§ What the task asks:
Reproduce exactly the first line of the material below and every line after it, ending with the line that contains "Parus major". No pictures should be copied.

● ● ● ●

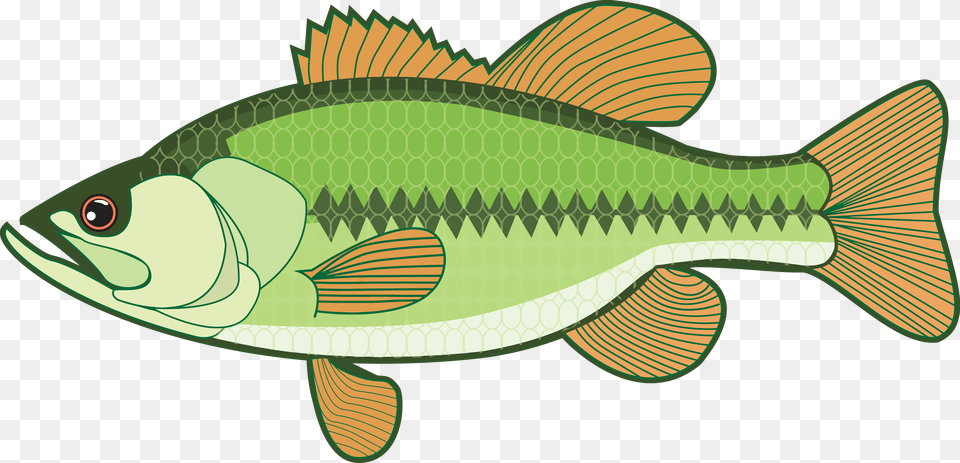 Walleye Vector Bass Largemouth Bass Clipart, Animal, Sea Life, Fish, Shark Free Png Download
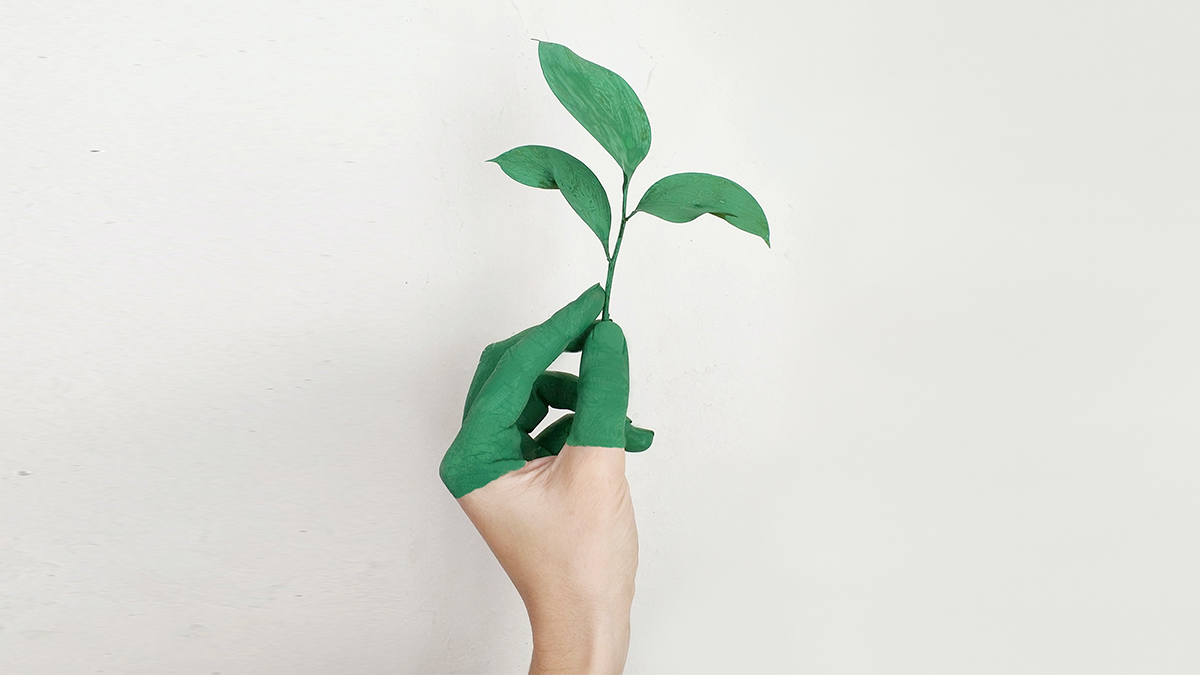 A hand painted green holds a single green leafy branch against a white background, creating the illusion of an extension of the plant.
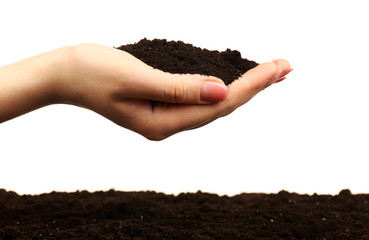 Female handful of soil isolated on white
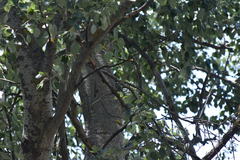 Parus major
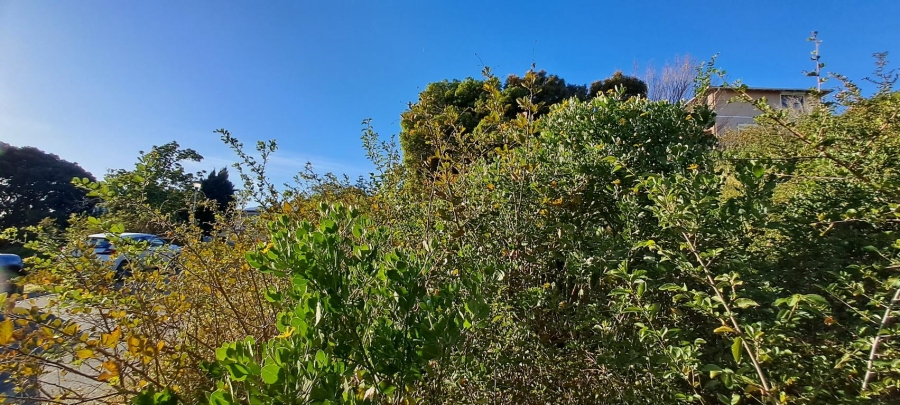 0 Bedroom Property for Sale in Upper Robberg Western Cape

● ● ● ●

§ Worked solution:
 Walleye Vector Bass Largemouth Bass Clipart, Animal, Sea Life, Fish, Shark Free Png Download
 A hand painted green holds a single green leafy branch against a white background, creating the illusion of an extension of the plant.
 Female handful of soil isolated on white
 Parus major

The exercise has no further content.